Put a diverted on the exhaust pipe. In the warmer months switch it to exhaust outside.
Put a diverted on the exhaust pipe. In the warmer months switch it to exhaust outside.
I really just wanted to know if others experienced this much heat gain from running a cyclone.....sorry to have not responded till now Ole Anderson, but to answer your question in a rather ambiguous way: it depends......if I have many operations to perform on the machines separated by simple measurements and such I leave it running. If I'm making a quick couple cuts I shut it off. Not surprisingly it heats up more when left on for long periods of time. And by long periods I mean like anything over an hour and half or so.
Now for a new question: Has anyone who's experienced this heat gain done anything proactive to keep things cooler?
John L: thanks for that info, I was wondering what size AC unit I'd need for my 20 x 25 shop with two (very un-insulated) garage doors......and that's exactly the type of info that will help! Funny you mention running a sander, that's exactly what I was doing that heated things up! I love my drum sander but it's so slowwww!
And David: if your DC outlet is in the attic where does your make-up air come from?
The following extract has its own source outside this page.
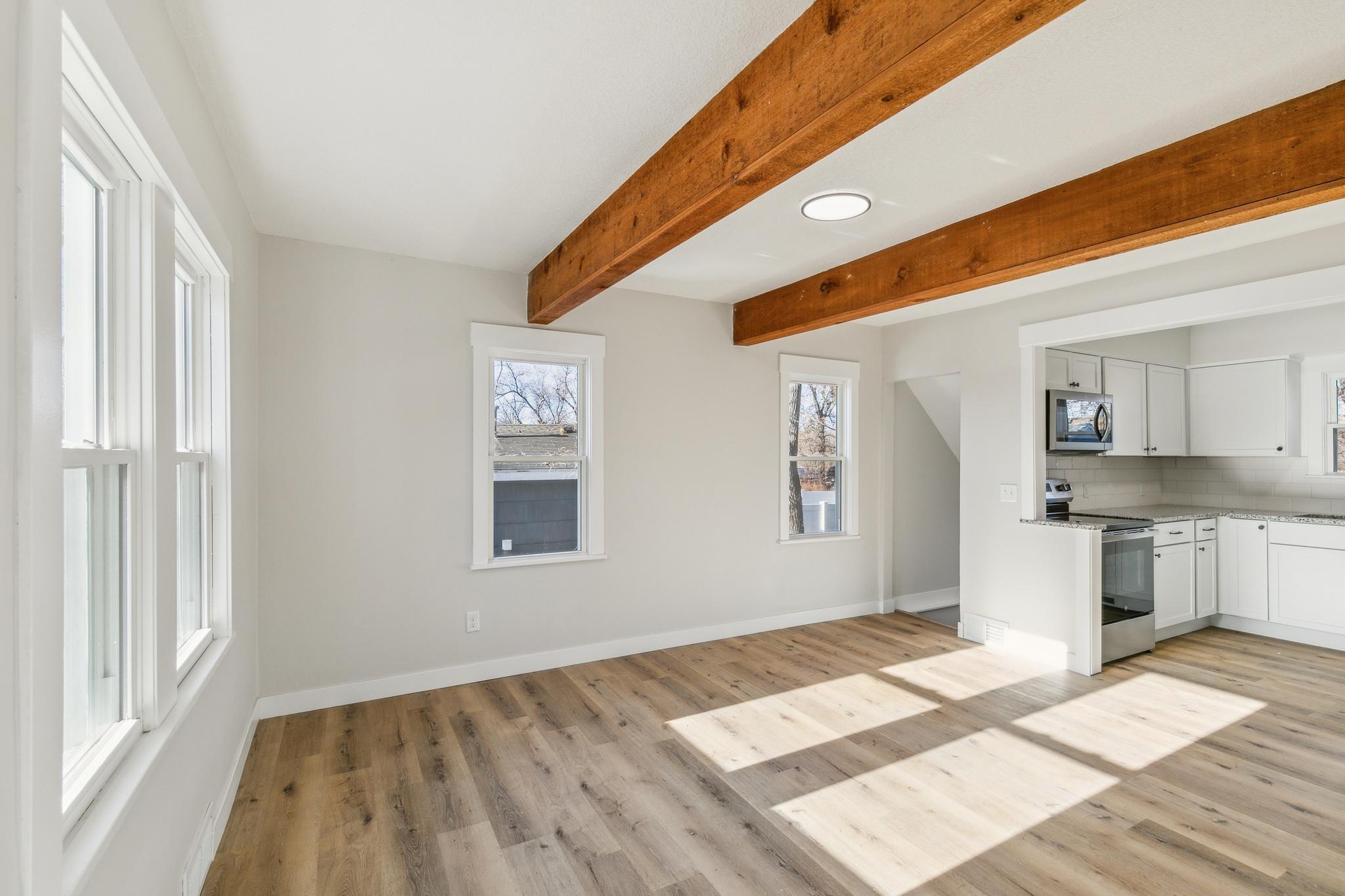 5230 Independence St, Maple Plain, MN 55359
I'm thinking about venting outside in the summer and then using air from the rest of the house as the make-up air so the AC from the house would keep the shop cool. Of course I'd have to put some sort of filter medium on the return so that I could be sure to keep the dust out of the rest of the house. And I'd probably like to have some sort of a cover so that when finishing anything I could be really sure that the air spaces were separate.
And Carl: no need to apologize for anything.....thermodynamics is the root of my troubles...I just need to find a way to keep the heat part of the equation outta my shop! Thanks guys!
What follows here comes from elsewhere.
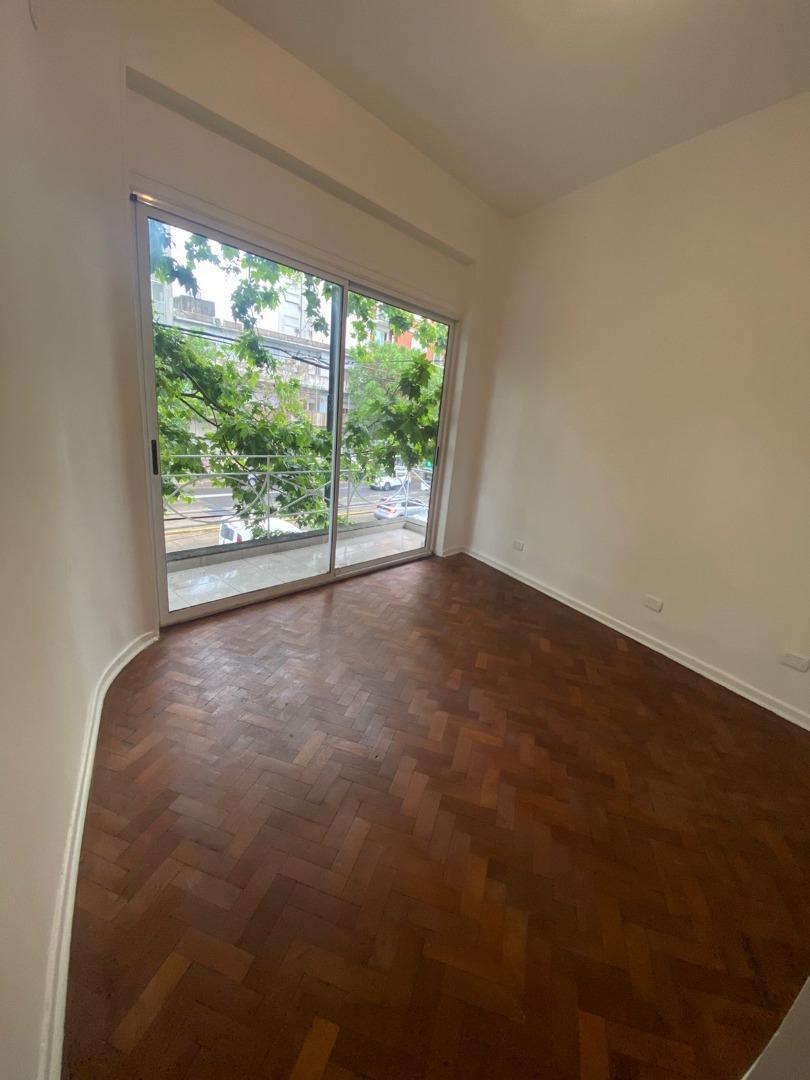 Foto de RECICLADO 4 AMB 2 BAÑOS AL FRENTE (PRECIO TOTAL 220mil), imagen 2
I think you kind of answered your own question. Venting outside is the only way to deal with the slightly warmer air that will be exhausting from the blower.
The other thing is putting the motor in some other space, like an attic or space between floors. Even in those situations it might still add to the load of cooling the rest of your house slightly. I like the diverter idea because if gives you options for when the weather is nice outside.
Jeff, blower is in the attic above the cyclone and the outlet pipe drops back down to the ceiling plenum into four filter cartridges. since I heat in the winter and A/C in the summer I keep the air in and monitor with a Dylos. Dave
[QUOTE=Dan Friedrichs;1941024]You cannot "create" energy.QUOTE]
That is exactly what you are doing when you account for the kinetic energy in the air moving and the heat generated if you assume that all of the electrical energy is heat. You can't get both at the same time. Don't misunderstand me, I know there will be some temperature rise due to inefficiencies, fan friction etc. However, the law you are referring to says energy cannot be created or destroyed, it can only change forms. The electrical energy is converted into kinetic/potential energy in the air system. When you apply the electrical power, the air moves. When you take away the power, the air stops. If you don't think it takes energy to move the air, then why do we need a motor if all we are doing is heating the shop?
Take John's post as an example and assume 10' ceilings. We have a room volume of 6250ft3 raised 5F in one hour. The Btu requirement is 562.5 Btu/hr = 0.22 HP. Note, he had 6HP running according to the post. Granted, the drum sander was probably not pulling FLA the entire time, but I think the point is clear. If all 6HP is converted to heat (15,267 Btu/hr), then you have a temperatuer rise of 136F, assuming no leaking to the surroundings, the dimensions stated above, and ignoring motor inefficiencies. Feel free to check my math.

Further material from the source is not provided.